Feature Importance Analysis
One of the advantages of using Ridge regression is that we can examine the coefficients to understand which features are most important for predicting HP. Lets extract and analyze these coefficients.
model = model_pipeline.named_steps['model']
preprocessor = model_pipeline.named_steps['preprocessor']

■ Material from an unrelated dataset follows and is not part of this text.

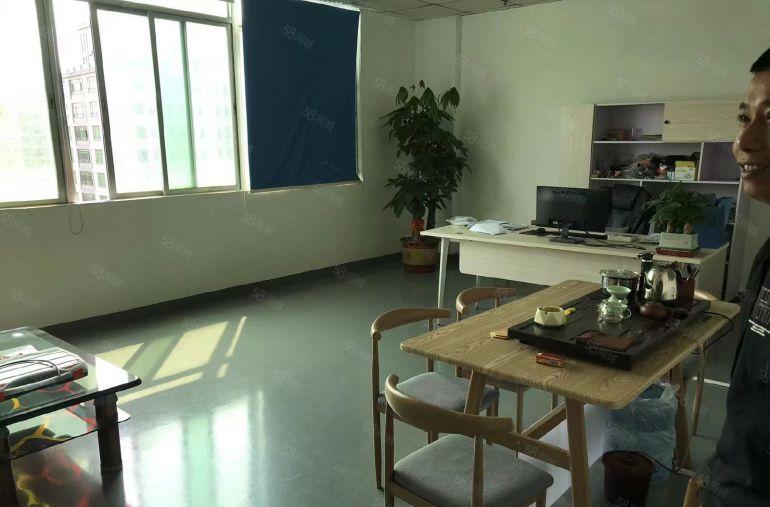 （李松朗厂房出租500平）办公贸易，电商仓库，电子的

numeric_features = preprocessor.transformers_[0][2]
binary_features = preprocessor.transformers_[1][2]
tfidf_flavor_names = preprocessor.named_transformers_['tfidf_flavor'].get_feature_names_out()
tfidf_ability_names = preprocessor.named_transformers_['tfidf_ability'].get_feature_names_out()
all_feature_names = \
list(numeric_features) + \
list(binary_features) + \
list(tfidf_flavor_names) + \
list(tfidf_ability_names)
coefficients = pd.Series(model.coef_, index=all_feature_names)
print("--- Most Positive Features (increase HP) ---")
print(coefficients.sort_values(ascending=False).head(10))
print("\n--- Most Negative Features (decrease HP) ---")
print(coefficients.sort_values(ascending=True).head(10))
print("\n--- Features Closest to Zero (least important) ---")
print(coefficients.abs().sort_values().head(10))--- Most Positive Features (increase HP) ---
subtype_VMAX 116.304684
subtype_V-UNION 68.144272
subtype_V 67.655707
rarity_Special Illustration Rare 52.443085
rarity_Ultra Rare 52.268106
subtype_TAG TEAM 50.894390
subtype_EX 49.716326
rarity_Double Rare 47.923288
subtype_GX 47.201676
subtype_ex 43.102486
dtype: float64
--- Most Negative Features (decrease HP) ---
subtype_Basic -54.956849
subtype_Restored -49.572918
ex -46.475835
subtype_Stage 1 -31.499100
rarity_Rare Holo EX -30.052394
rarity_Rare Shining -30.022542
type_Metal -28.546938
dark -28.255926
subtype_Prism Star -24.088233
rarity_Rare Prism Star -24.088233
dtype: float64
--- Features Closest to Zero (least important) ---
rarity_Rare Holo LV.X 0.000000
subtype_Level-Up 0.000000
has_pokemon_power 0.000000
has_ancient_trait 0.000000
attacking 0.020297
attach 0.069256
level 0.091615
water 0.110130
poisoned 0.137334
cause 0.148945
dtype: float64
Interpreting the Results
The feature importance analysis shows us:
- Most Positive Features: These features are associated with higher HP values. When these features increase, the predicted HP tends to increase.
- Most Negative Features: These features are associated with lower HP values. They might represent basic or early-evolution Pokemon that typically have less HP.
- Features Near Zero: These features have little impact on HP predictions and could potentially be removed in future iterations.
This analysis helps us understand what the model learned about Pokemon cards and validates whether its findings align with our domain knowledge about the Pokemon card game.
Next Steps
Now that we have a working model, there are several ways we could improve it:
- Try different models (Random Forest, Gradient Boosting, etc.)
- Tune hyperparameters more carefully
- Engineer additional features based on our findings
- Address any outliers or problematic data points
- Investigate why certain predictions are far from actual values
This baseline model gives us a solid foundation to build upon and helps us understand which features matter most for predicting Pokemon card HP.